**BRIEF**
An exact copy of the listing below is required, minus its pictures.

**RECORDS FOR THE EXERCISE**
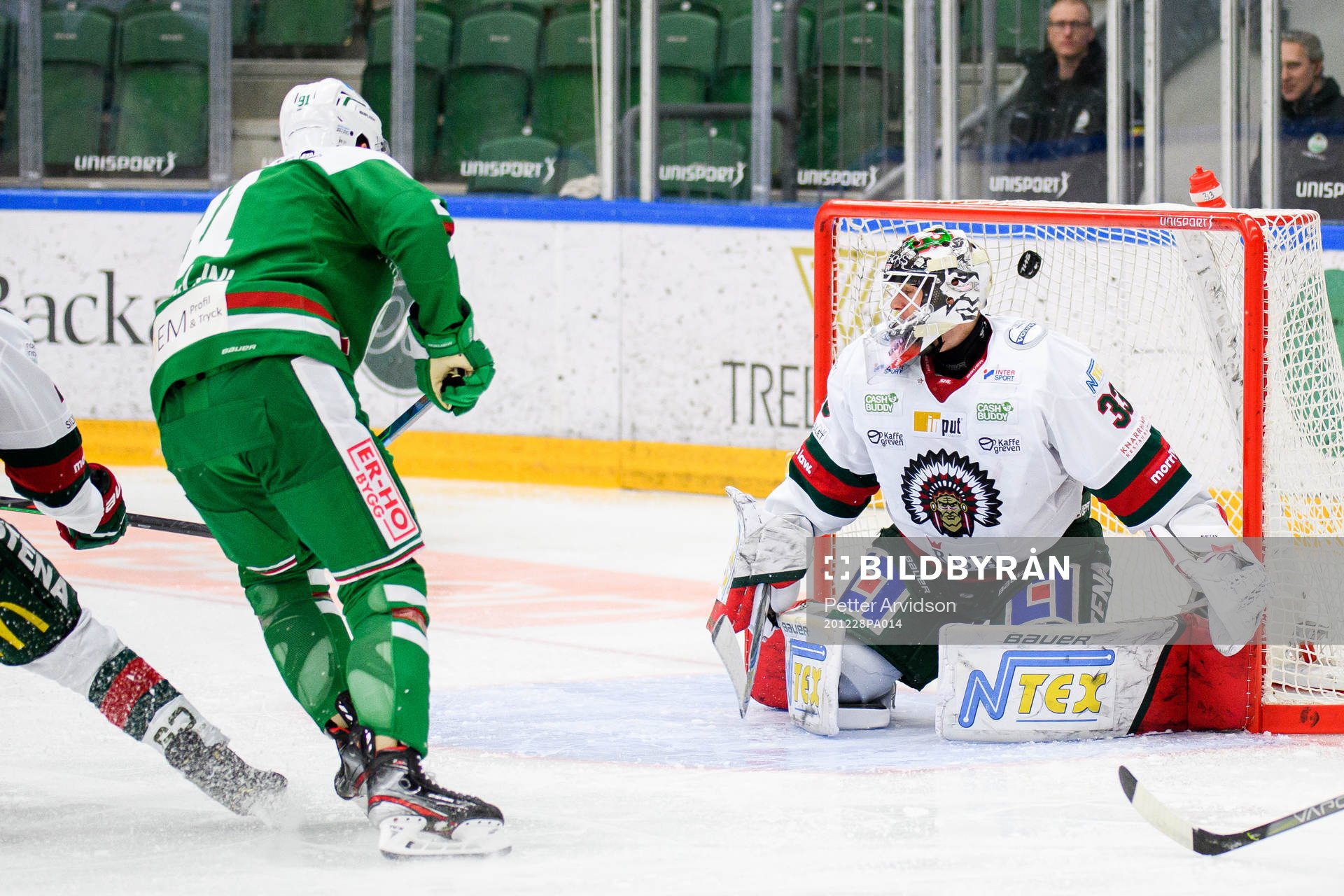 Rögles Adam Tambellini gör 1-0 bakom Frölundas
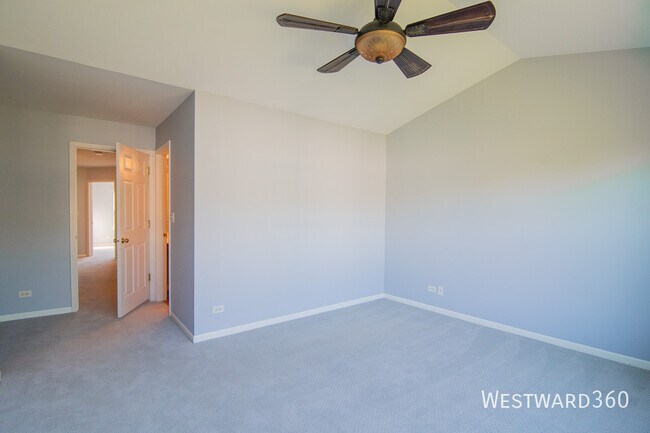 Building Photo - 2486 Golf Ridge Cir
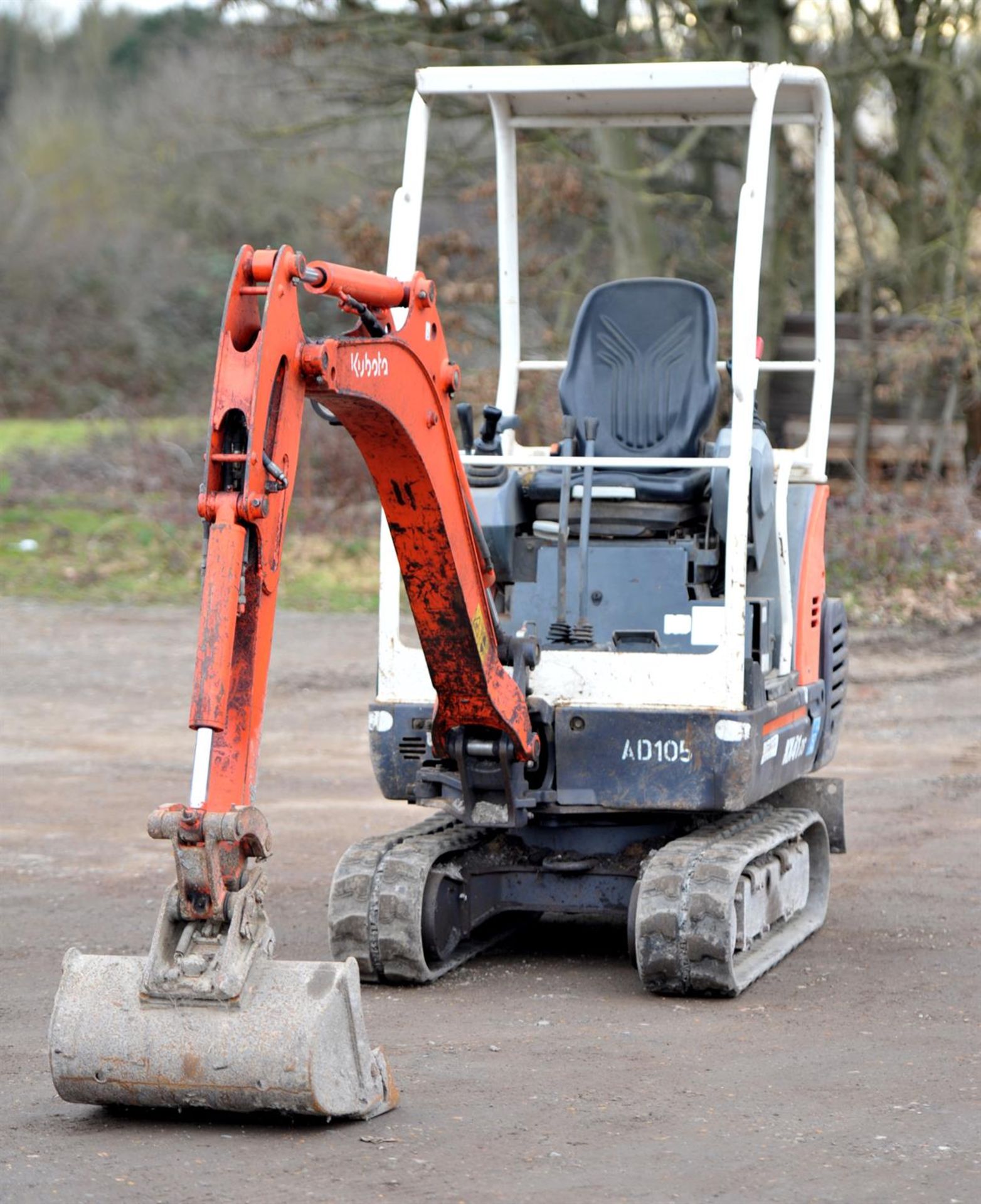 Kubota 1.5 ton digger KX413S. This mini digger comes in working order with its 3 digger buckets it - Image 3 of 10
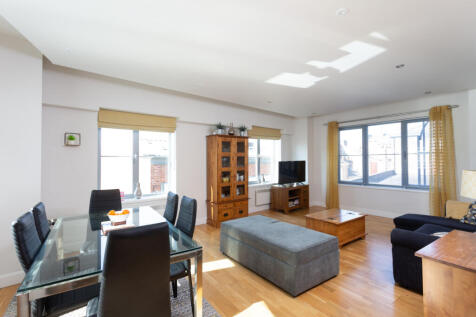 Sitting/Dining Room
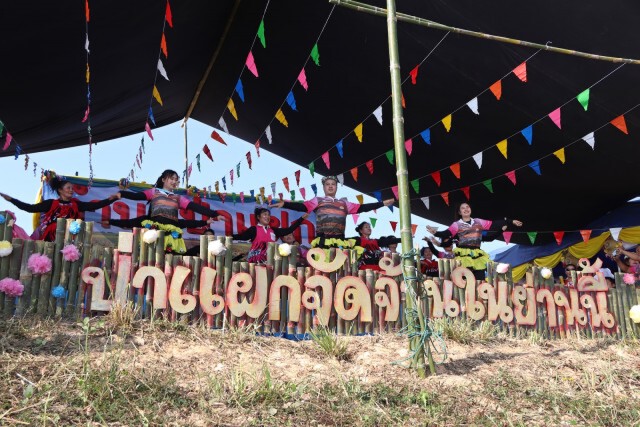 "แม่ใจ"สืบทอดประเพณีแข่งเรือพายประมง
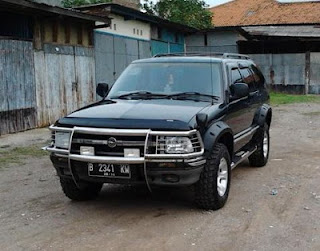 OPEL BLAZER DOHC MANUAL Th'1996 Pjk Br Full Option, siap touring!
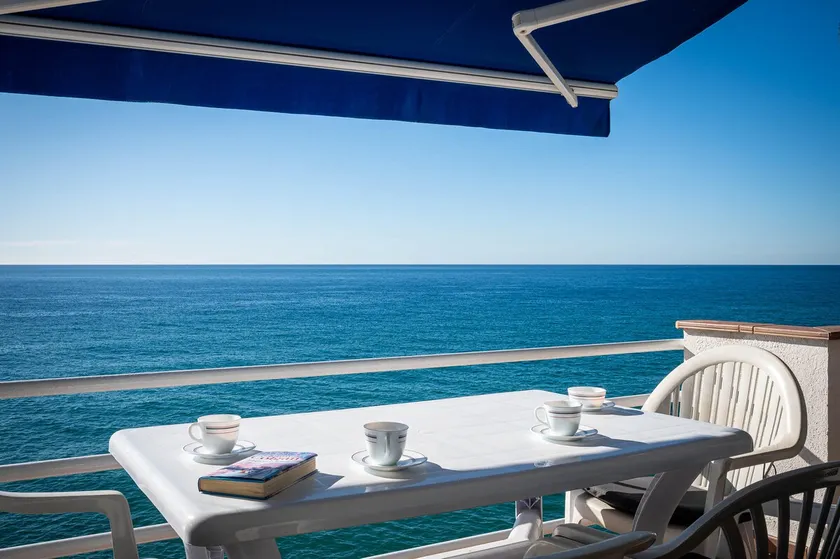 AT305 Great sea views, Canyadell beach - Image 1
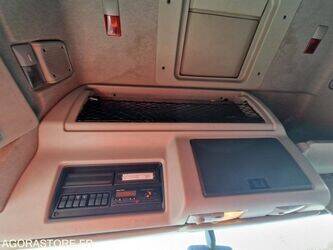 2012-renault-premium-1438027-46335516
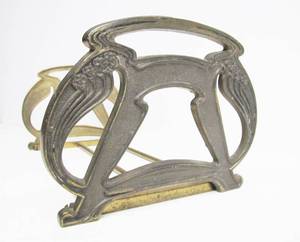 lot 17 image: Vintage 1920s Era Art Nouveau Brass Sliding Bookends Book Holder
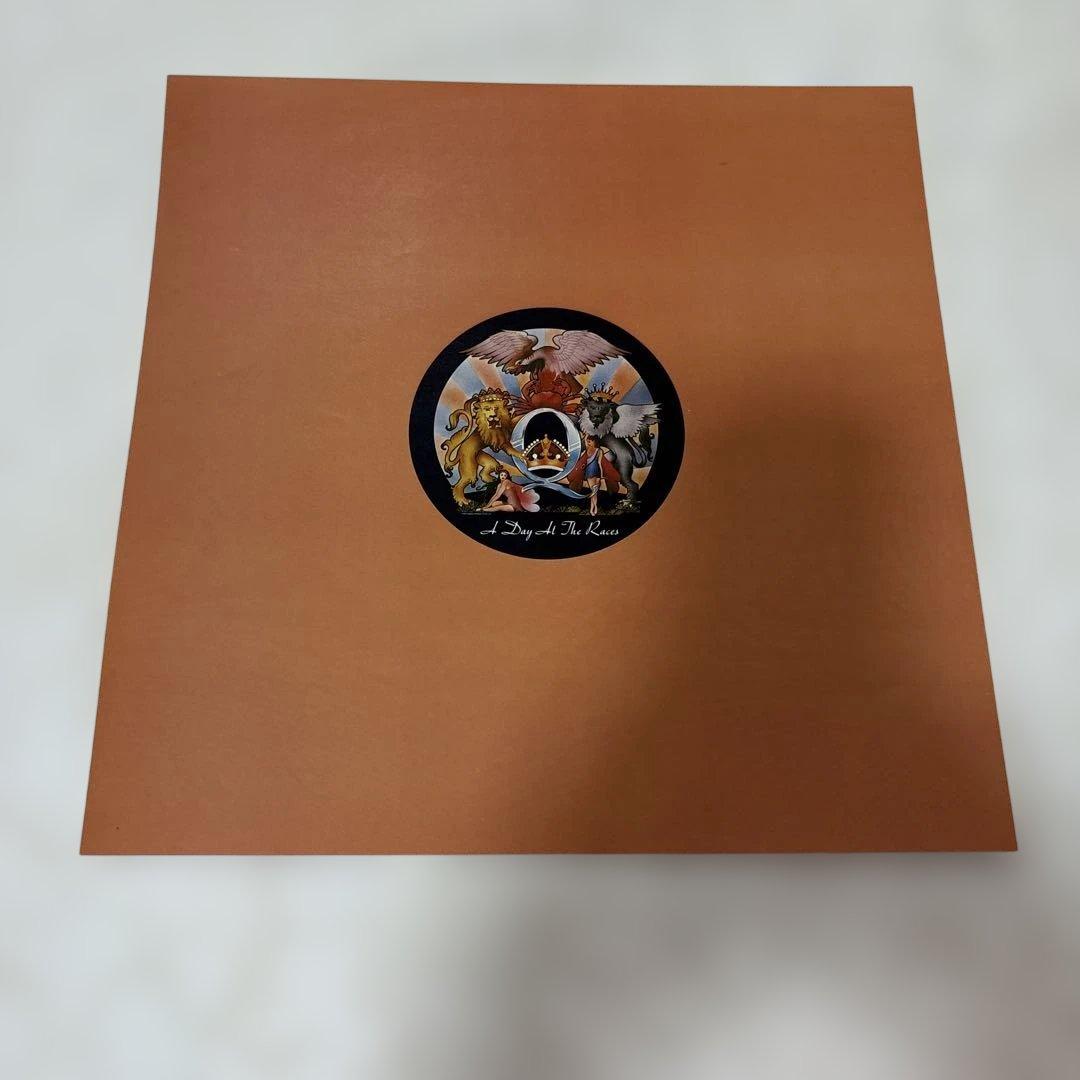 美品　Queen A Day At The Races レコード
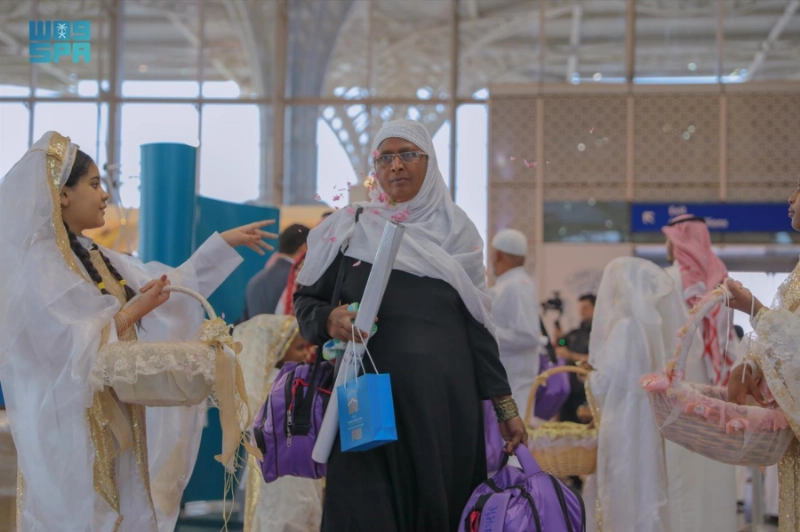 الحجاج لدى مغادرتهم أمس (مكة)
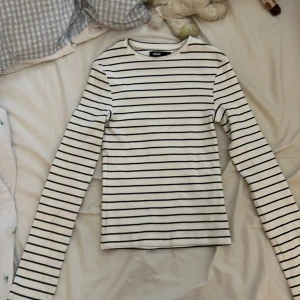 Randig långärmad - Superskön långärmad tröja från bikbok! Den ser ungefär ut som den från Gina (bild 2-3) men är kortare i modellen och har längre ärmar 💗 modellen heter Alba på bikbok! Nästan oanvänd i superfint skick! 🤗 pris kan diskuteras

**COMPLETED TASK**
 Rögles Adam Tambellini gör 1-0 bakom Frölundas
 Building Photo - 2486 Golf Ridge Cir
 Kubota 1.5 ton digger KX413S. This mini digger comes in working order with its 3 digger buckets it - Image 3 of 10
 Sitting/Dining Room
 "แม่ใจ"สืบทอดประเพณีแข่งเรือพายประมง
 OPEL BLAZER DOHC MANUAL Th'1996 Pjk Br Full Option, siap touring!
 AT305 Great sea views, Canyadell beach - Image 1
 2012-renault-premium-1438027-46335516
 lot 17 image: Vintage 1920s Era Art Nouveau Brass Sliding Bookends Book Holder
 美品　Queen A Day At The Races レコード
 الحجاج لدى مغادرتهم أمس (مكة)
 Randig långärmad - Superskön långärmad tröja från bikbok! Den ser ungefär ut som den från Gina (bild 2-3) men är kortare i modellen och har längre ärmar 💗 modellen heter Alba på bikbok! Nästan oanvänd i superfint skick! 🤗 pris kan diskuteras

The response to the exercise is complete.